[Stored data entries]
=== Begin Enclosure ===

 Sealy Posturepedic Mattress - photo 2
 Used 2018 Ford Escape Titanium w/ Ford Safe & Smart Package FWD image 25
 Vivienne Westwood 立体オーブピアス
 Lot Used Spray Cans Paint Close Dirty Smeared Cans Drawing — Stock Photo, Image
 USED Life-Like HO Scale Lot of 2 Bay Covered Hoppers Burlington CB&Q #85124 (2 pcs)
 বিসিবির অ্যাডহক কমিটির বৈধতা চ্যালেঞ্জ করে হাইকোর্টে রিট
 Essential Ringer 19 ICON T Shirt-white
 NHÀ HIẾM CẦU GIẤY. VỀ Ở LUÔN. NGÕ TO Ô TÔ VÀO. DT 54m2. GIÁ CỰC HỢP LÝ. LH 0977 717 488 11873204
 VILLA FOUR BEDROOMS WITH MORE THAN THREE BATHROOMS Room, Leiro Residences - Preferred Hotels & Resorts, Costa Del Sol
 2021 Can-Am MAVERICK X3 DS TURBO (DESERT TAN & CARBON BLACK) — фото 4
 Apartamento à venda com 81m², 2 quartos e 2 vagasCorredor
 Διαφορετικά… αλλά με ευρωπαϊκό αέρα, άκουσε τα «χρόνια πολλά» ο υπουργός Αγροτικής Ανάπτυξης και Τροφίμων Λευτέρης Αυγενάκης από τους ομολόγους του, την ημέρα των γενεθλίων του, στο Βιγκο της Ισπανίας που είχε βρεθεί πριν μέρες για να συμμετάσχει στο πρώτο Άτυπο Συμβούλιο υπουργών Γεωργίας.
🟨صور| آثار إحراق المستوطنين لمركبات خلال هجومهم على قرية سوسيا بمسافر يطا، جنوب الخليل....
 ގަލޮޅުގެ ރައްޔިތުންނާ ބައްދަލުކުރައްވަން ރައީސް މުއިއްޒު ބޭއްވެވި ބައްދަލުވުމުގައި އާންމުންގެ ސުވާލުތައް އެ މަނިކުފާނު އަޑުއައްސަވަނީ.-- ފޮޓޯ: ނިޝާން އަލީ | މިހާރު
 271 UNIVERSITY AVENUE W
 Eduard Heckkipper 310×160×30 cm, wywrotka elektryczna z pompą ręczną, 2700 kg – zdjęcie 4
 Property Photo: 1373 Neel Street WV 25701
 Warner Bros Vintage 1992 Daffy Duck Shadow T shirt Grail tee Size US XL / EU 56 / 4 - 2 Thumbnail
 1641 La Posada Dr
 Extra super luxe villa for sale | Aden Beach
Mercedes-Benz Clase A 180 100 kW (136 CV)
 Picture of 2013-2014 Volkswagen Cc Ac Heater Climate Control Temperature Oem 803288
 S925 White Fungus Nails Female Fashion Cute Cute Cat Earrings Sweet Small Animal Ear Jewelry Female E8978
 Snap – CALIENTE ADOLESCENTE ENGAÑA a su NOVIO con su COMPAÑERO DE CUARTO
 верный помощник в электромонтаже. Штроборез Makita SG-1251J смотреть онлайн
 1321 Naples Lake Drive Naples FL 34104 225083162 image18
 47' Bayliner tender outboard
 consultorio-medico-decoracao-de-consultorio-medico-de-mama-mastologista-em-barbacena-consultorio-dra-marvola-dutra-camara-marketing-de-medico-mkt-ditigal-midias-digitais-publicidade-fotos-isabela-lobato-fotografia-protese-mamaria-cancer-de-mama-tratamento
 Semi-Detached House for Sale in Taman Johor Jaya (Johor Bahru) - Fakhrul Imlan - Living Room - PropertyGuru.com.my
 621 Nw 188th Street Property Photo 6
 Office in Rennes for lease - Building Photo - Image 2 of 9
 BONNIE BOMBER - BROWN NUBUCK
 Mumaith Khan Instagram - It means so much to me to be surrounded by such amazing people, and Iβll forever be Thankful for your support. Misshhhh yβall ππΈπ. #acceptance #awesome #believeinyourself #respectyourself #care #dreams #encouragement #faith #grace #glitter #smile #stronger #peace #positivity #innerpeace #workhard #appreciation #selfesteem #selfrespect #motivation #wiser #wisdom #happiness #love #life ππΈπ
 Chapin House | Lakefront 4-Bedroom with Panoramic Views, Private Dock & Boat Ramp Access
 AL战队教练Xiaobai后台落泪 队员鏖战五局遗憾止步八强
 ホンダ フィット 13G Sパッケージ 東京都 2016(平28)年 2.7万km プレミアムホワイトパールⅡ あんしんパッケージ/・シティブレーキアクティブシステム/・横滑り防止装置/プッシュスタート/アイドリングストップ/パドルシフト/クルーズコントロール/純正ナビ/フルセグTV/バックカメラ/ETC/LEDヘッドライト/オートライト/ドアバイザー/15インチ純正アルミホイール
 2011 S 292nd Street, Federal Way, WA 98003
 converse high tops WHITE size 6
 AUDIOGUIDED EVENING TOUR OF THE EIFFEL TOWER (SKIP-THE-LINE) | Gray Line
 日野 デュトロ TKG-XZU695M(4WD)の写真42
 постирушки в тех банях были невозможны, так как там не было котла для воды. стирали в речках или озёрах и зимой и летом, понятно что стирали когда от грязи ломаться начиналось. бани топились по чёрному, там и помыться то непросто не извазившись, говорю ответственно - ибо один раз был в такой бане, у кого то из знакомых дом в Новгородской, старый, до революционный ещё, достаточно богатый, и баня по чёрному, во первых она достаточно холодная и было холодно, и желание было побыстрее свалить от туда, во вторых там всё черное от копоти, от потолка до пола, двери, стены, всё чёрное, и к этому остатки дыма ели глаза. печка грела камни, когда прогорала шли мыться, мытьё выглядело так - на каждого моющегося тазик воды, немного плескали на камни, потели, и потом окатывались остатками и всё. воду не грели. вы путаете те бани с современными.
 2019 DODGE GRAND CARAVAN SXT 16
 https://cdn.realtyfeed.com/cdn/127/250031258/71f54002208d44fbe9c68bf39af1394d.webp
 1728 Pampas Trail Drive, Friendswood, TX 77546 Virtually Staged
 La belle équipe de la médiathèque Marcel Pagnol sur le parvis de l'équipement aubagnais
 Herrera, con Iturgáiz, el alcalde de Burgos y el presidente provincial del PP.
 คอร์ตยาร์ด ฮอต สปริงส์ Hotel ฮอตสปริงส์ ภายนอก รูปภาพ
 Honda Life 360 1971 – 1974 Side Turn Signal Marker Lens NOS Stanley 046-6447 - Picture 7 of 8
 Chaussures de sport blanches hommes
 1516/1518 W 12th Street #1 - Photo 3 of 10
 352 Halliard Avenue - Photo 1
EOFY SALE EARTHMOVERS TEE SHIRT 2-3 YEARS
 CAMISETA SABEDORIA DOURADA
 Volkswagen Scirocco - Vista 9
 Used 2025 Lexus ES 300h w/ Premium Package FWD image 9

=== End Enclosure ===

TASK PROMPT: The records need to be set down again without a single difference.

SOLUTION TO THE EXERCISE:
 Sealy Posturepedic Mattress - photo 2
 Used 2018 Ford Escape Titanium w/ Ford Safe & Smart Package FWD image 25
 Vivienne Westwood 立体オーブピアス
 Lot Used Spray Cans Paint Close Dirty Smeared Cans Drawing — Stock Photo, Image
 USED Life-Like HO Scale Lot of 2 Bay Covered Hoppers Burlington CB&Q #85124 (2 pcs)
 বিসিবির অ্যাডহক কমিটির বৈধতা চ্যালেঞ্জ করে হাইকোর্টে রিট
 Essential Ringer 19 ICON T Shirt-white
 NHÀ HIẾM CẦU GIẤY. VỀ Ở LUÔN. NGÕ TO Ô TÔ VÀO. DT 54m2. GIÁ CỰC HỢP LÝ. LH 0977 717 488 11873204
 VILLA FOUR BEDROOMS WITH MORE THAN THREE BATHROOMS Room, Leiro Residences - Preferred Hotels & Resorts, Costa Del Sol
 2021 Can-Am MAVERICK X3 DS TURBO (DESERT TAN & CARBON BLACK) — фото 4
 Apartamento à venda com 81m², 2 quartos e 2 vagasCorredor
 Διαφορετικά… αλλά με ευρωπαϊκό αέρα, άκουσε τα «χρόνια πολλά» ο υπουργός Αγροτικής Ανάπτυξης και Τροφίμων Λευτέρης Αυγενάκης από τους ομολόγους του, την ημέρα των γενεθλίων του, στο Βιγκο της Ισπανίας που είχε βρεθεί πριν μέρες για να συμμετάσχει στο πρώτο Άτυπο Συμβούλιο υπουργών Γεωργίας.
🟨صور| آثار إحراق المستوطنين لمركبات خلال هجومهم على قرية سوسيا بمسافر يطا، جنوب الخليل....
 ގަލޮޅުގެ ރައްޔިތުންނާ ބައްދަލުކުރައްވަން ރައީސް މުއިއްޒު ބޭއްވެވި ބައްދަލުވުމުގައި އާންމުންގެ ސުވާލުތައް އެ މަނިކުފާނު އަޑުއައްސަވަނީ.-- ފޮޓޯ: ނިޝާން އަލީ | މިހާރު
 271 UNIVERSITY AVENUE W
 Eduard Heckkipper 310×160×30 cm, wywrotka elektryczna z pompą ręczną, 2700 kg – zdjęcie 4
 Property Photo: 1373 Neel Street WV 25701
 Warner Bros Vintage 1992 Daffy Duck Shadow T shirt Grail tee Size US XL / EU 56 / 4 - 2 Thumbnail
 1641 La Posada Dr
 Extra super luxe villa for sale | Aden Beach
Mercedes-Benz Clase A 180 100 kW (136 CV)
 Picture of 2013-2014 Volkswagen Cc Ac Heater Climate Control Temperature Oem 803288
 S925 White Fungus Nails Female Fashion Cute Cute Cat Earrings Sweet Small Animal Ear Jewelry Female E8978
 Snap – CALIENTE ADOLESCENTE ENGAÑA a su NOVIO con su COMPAÑERO DE CUARTO
 верный помощник в электромонтаже. Штроборез Makita SG-1251J смотреть онлайн
 1321 Naples Lake Drive Naples FL 34104 225083162 image18
 47' Bayliner tender outboard
 consultorio-medico-decoracao-de-consultorio-medico-de-mama-mastologista-em-barbacena-consultorio-dra-marvola-dutra-camara-marketing-de-medico-mkt-ditigal-midias-digitais-publicidade-fotos-isabela-lobato-fotografia-protese-mamaria-cancer-de-mama-tratamento
 Semi-Detached House for Sale in Taman Johor Jaya (Johor Bahru) - Fakhrul Imlan - Living Room - PropertyGuru.com.my
 621 Nw 188th Street Property Photo 6
 Office in Rennes for lease - Building Photo - Image 2 of 9
 BONNIE BOMBER - BROWN NUBUCK
 Mumaith Khan Instagram - It means so much to me to be surrounded by such amazing people, and Iβll forever be Thankful for your support. Misshhhh yβall ππΈπ. #acceptance #awesome #believeinyourself #respectyourself #care #dreams #encouragement #faith #grace #glitter #smile #stronger #peace #positivity #innerpeace #workhard #appreciation #selfesteem #selfrespect #motivation #wiser #wisdom #happiness #love #life ππΈπ
 Chapin House | Lakefront 4-Bedroom with Panoramic Views, Private Dock & Boat Ramp Access
 AL战队教练Xiaobai后台落泪 队员鏖战五局遗憾止步八强
 ホンダ フィット 13G Sパッケージ 東京都 2016(平28)年 2.7万km プレミアムホワイトパールⅡ あんしんパッケージ/・シティブレーキアクティブシステム/・横滑り防止装置/プッシュスタート/アイドリングストップ/パドルシフト/クルーズコントロール/純正ナビ/フルセグTV/バックカメラ/ETC/LEDヘッドライト/オートライト/ドアバイザー/15インチ純正アルミホイール
 2011 S 292nd Street, Federal Way, WA 98003
 converse high tops WHITE size 6
 AUDIOGUIDED EVENING TOUR OF THE EIFFEL TOWER (SKIP-THE-LINE) | Gray Line
 日野 デュトロ TKG-XZU695M(4WD)の写真42
 постирушки в тех банях были невозможны, так как там не было котла для воды. стирали в речках или озёрах и зимой и летом, понятно что стирали когда от грязи ломаться начиналось. бани топились по чёрному, там и помыться то непросто не извазившись, говорю ответственно - ибо один раз был в такой бане, у кого то из знакомых дом в Новгородской, старый, до революционный ещё, достаточно богатый, и баня по чёрному, во первых она достаточно холодная и было холодно, и желание было побыстрее свалить от туда, во вторых там всё черное от копоти, от потолка до пола, двери, стены, всё чёрное, и к этому остатки дыма ели глаза. печка грела камни, когда прогорала шли мыться, мытьё выглядело так - на каждого моющегося тазик воды, немного плескали на камни, потели, и потом окатывались остатками и всё. воду не грели. вы путаете те бани с современными.
 2019 DODGE GRAND CARAVAN SXT 16
 https://cdn.realtyfeed.com/cdn/127/250031258/71f54002208d44fbe9c68bf39af1394d.webp
 1728 Pampas Trail Drive, Friendswood, TX 77546 Virtually Staged
 La belle équipe de la médiathèque Marcel Pagnol sur le parvis de l'équipement aubagnais
 Herrera, con Iturgáiz, el alcalde de Burgos y el presidente provincial del PP.
 คอร์ตยาร์ด ฮอต สปริงส์ Hotel ฮอตสปริงส์ ภายนอก รูปภาพ
 Honda Life 360 1971 – 1974 Side Turn Signal Marker Lens NOS Stanley 046-6447 - Picture 7 of 8
 Chaussures de sport blanches hommes
 1516/1518 W 12th Street #1 - Photo 3 of 10
 352 Halliard Avenue - Photo 1
EOFY SALE EARTHMOVERS TEE SHIRT 2-3 YEARS
 CAMISETA SABEDORIA DOURADA
 Volkswagen Scirocco - Vista 9
 Used 2025 Lexus ES 300h w/ Premium Package FWD image 9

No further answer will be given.